Longtemps oublié, La Mettrie est sans-doute un nom inconnu. Si au XVIIIe siècle, il apparaît comme audacieux, peu recommandable et reste encore de nos jours un matérialiste radical, nous ne pouvons pas ignorer que nombre de contemporains pensent comme lui. Sa pensée n’effraye plus. Elle autorise bien des pratiques immorales. Elle apaise bien des remords. Mais, et là demeure une profonde contradiction, les mêmes personnes en appellent aussi à la liberté de l’homme. Or une machine peut-elle être libre ?

 


Notes et références

[1] Voir la bibliographie de La Mettrie dans Émeraude, juin 2021, article « La Mettrie (1/3) : un "bel esprit" au venin redoutable ».
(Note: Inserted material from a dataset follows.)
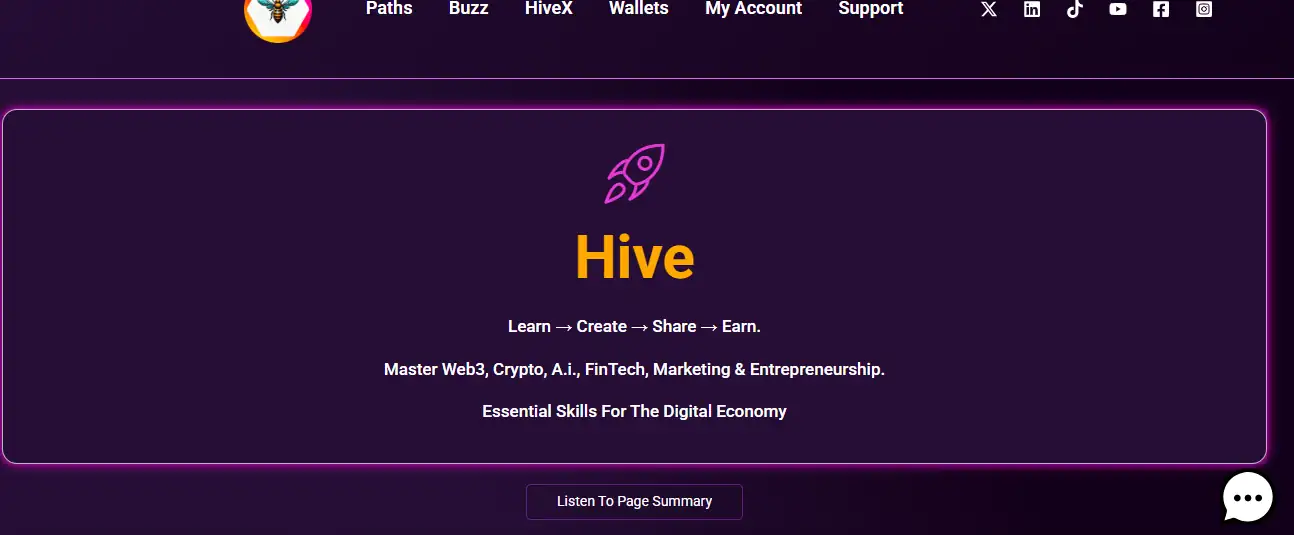 HAIV3 Review Hive dashboard showing learn create share earn platform interface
[2] La Mettrie, Discours préliminaire aux œuvres philosophique

[3] La Mettrie, Histoire naturelle de l’âme, chapitre I, p.4, traduite de l’anglais de M. Charp, 1745, gallica.bnf.fr.

[4] La Mettrie, Histoire naturelle de l’âme, chapitre I, p.2.

[5] La Mettrie, Histoire naturelle de l’âme, chapitre I, p.25.

[6] Sauf indication contraire, nous faisons référence à l’ouvrage accessible sur gallica.bnf.fr : L'Homme machine, La Mettrie, avec une introduction et des notes d’Assézat et éloge de l'auteur par Frédéric II, roi de Prusse, 1865, libraire-éditeur Frédéric Henry.